The restructuring is likely to be announced before the end of the year, one of the two people familiar with the matter said. The merger would come four years after Shell Plc exited Motiva Enterprises, leaving Aramco in control of Motiva Trading and Motiva’s refinery, the largest in the United States.
Saudi Aramco and other Middle East producers accelerated their trading efforts as a way to boost incomes after the 2014 collapse in oil prices. They have slowly gained market share from oil majors and Swiss commodity merchants, using access to their own feedstocks and strength in refining to compete aggressively.
Plans for the combination come amid reports Aramco plans an initial public offering of its trading business and as European countries move away from buying Russian crude over its invasion of Ukraine. The two people familiar with the situation, who are not authorized to speak to reporters, did not confirm plans for an IPO.

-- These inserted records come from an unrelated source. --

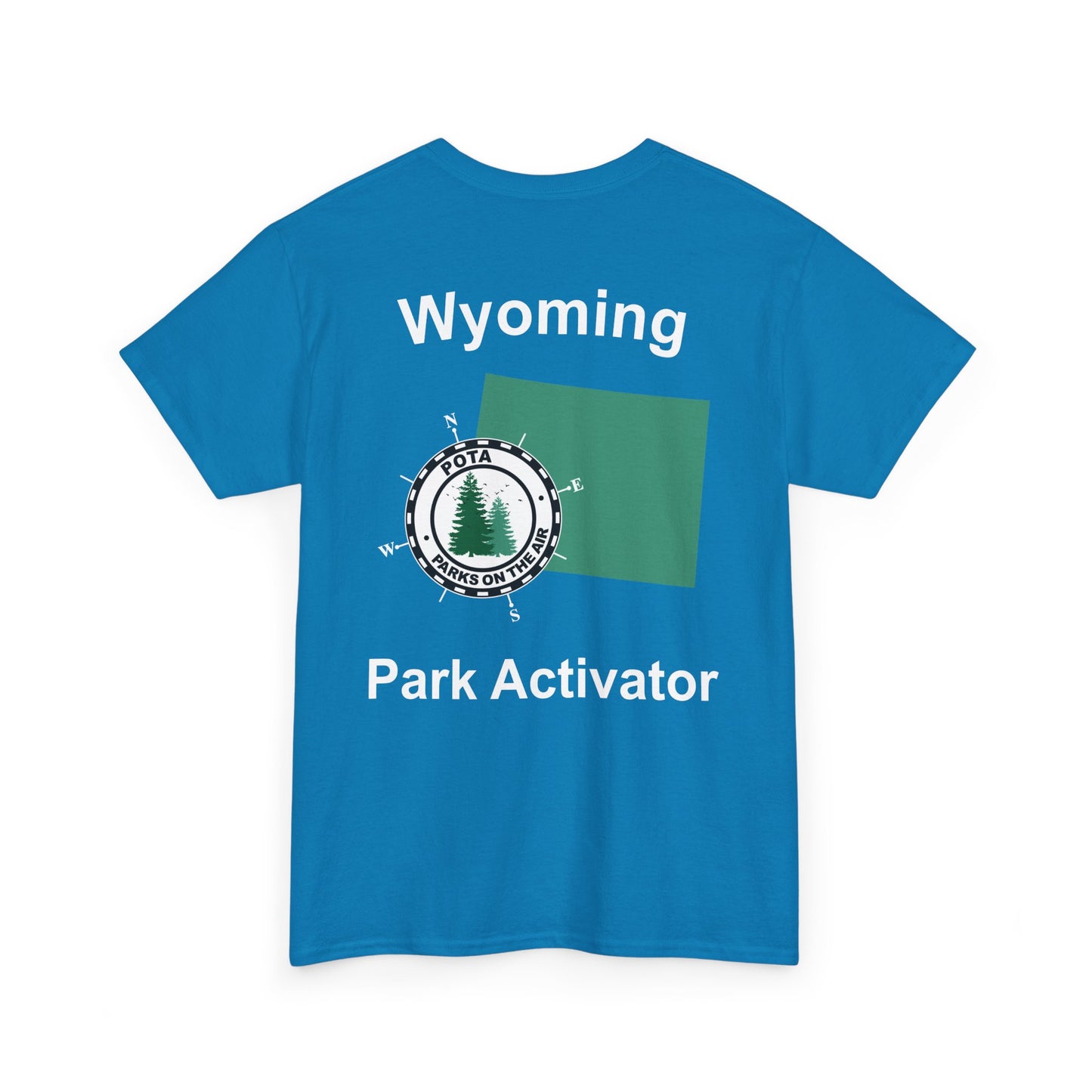 Wyoming POTA Shirt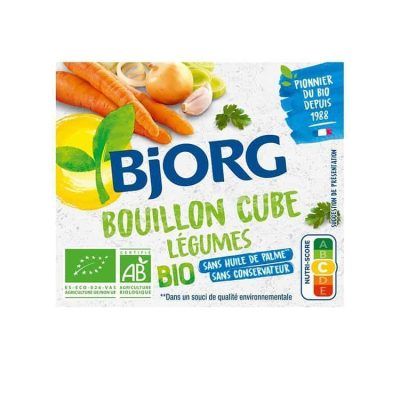 Органски зеленчуков бујон - 72 гр.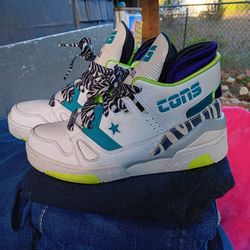 Converse Erx 260 Mid X Don Animal White Teal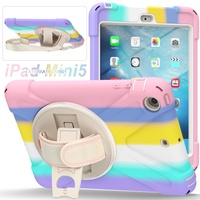 Étui pour tablette pour enfants Housse pour tablette épaisse antichoc pour Ipad Mini 12345 7.9 pouces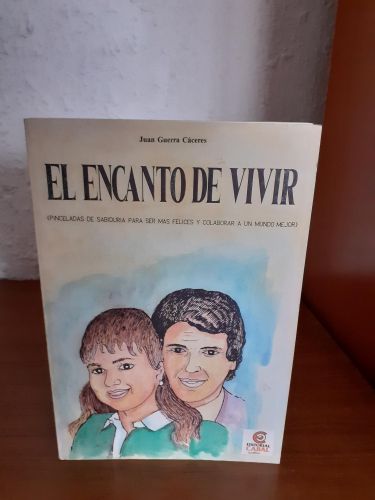 Portada del libro de El encanto de vivir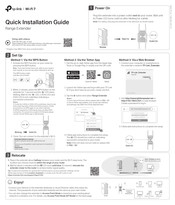 TP-Link RE655BE Quick Installation Manual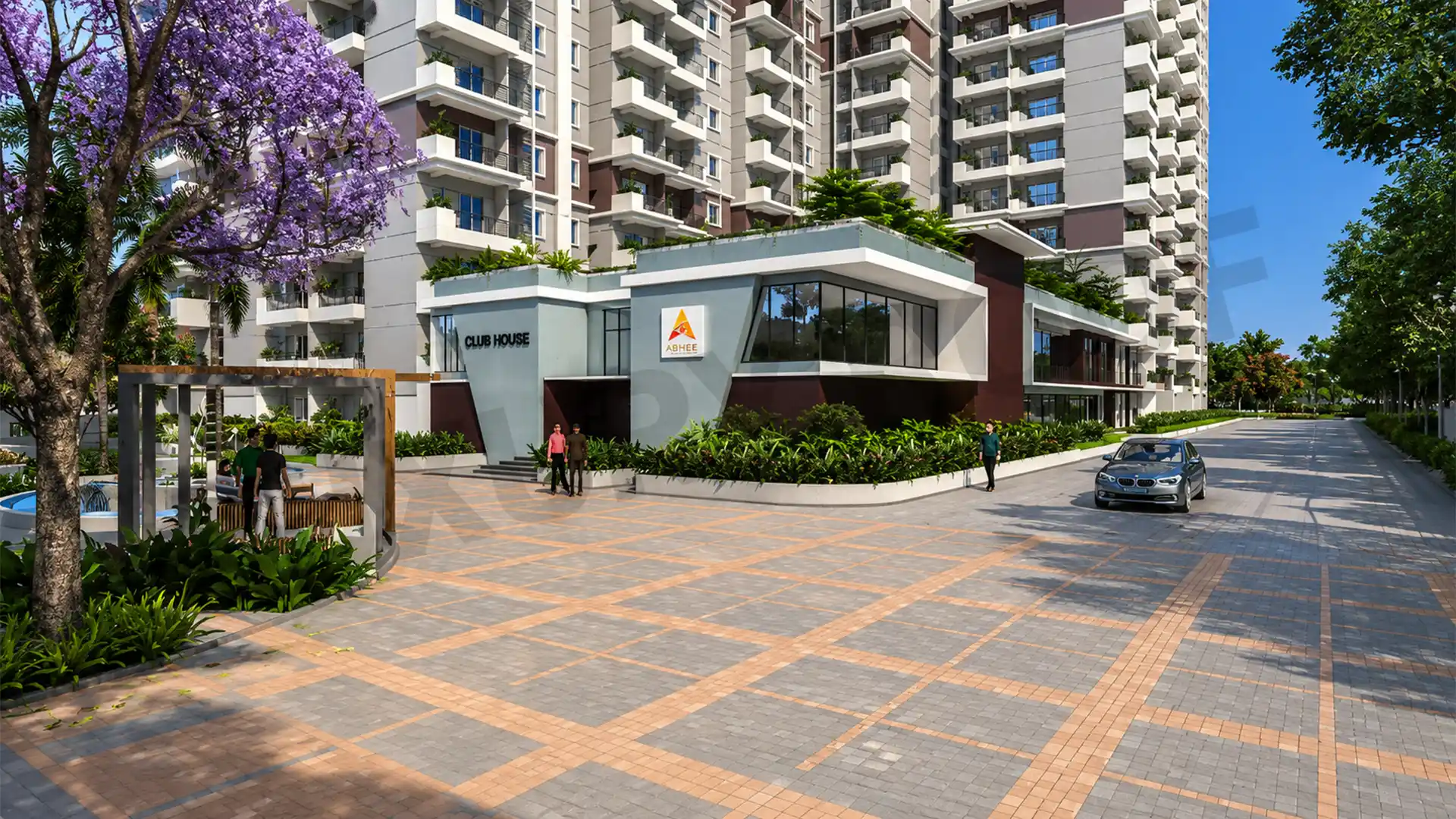 Abhee Celestial City Clubhouse Sarjapur Road Bangalore Abhee Celestial City Clubhouse Sarjapur Road Bangalore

Motiva and Saudi Aramco spokespeople declined to comment, while ATC did not immediately respond to requests for a comment.
Saudi Arabia’s state oil monopoly, Saudi Aramco, is the world’s top oil producer. It plans to increase output capacity to 13.4 million barrels per day by 2027 from 12.4 million currently and from May’s actual 10.5 million bpd.
Aramco’s share of U.S. oil imports has declined in recent decades as it turned more to Asia and as U.S. shale output grew. However, refiner Motiva remains an important outlet for Saudi crude and its entry point into the world’s biggest oil consuming market.
It was not immediately clear which of the two businesses’ executives would be put in charge of the merged operation. Aramco’s listing plans are part of a wider Saudi 2030 vision which encourages extracting maximum value from traditional fossil fuel industries to help diversify the economy.
ATC was set up in Dhahran in 2012 and has offices in London, Singapore and the United Arab Emirates. It began by marketing refined products and petrochemicals and later expanded into crude trading that fed ventures such as Motiva and S-Oil in South Korea.
ATC is a top blender in the Arabian Gulf and India and the largest charterer of refined products in the Middle East, according to its LinkedIn profile. The bulk of ATC’s traded crude belongs to third parties – Kuwaiti and UAE crudes with some Guyana and indirectly, Iraqi Basra.
Motiva Trading trades crude oil, feedstocks, refined products and bio-fuels, managing transactions covering 2.8 million barrels per day, according to its website.
Competition between Saudi Arabia and Russia in European and Asian markets has been heating up in recent years even as the two major producers cooperated under the OPEC+ production-limiting deal.
Since the start of the year, ATC and its parent company have signed at least two crude supply deals in northern Europe.
ATC agreed to exclusively supply Klesch Group’s Kalundborg refinery in Denmark and in Poland, Aramco bought refining assets and agreed to supply the country’s top refiner.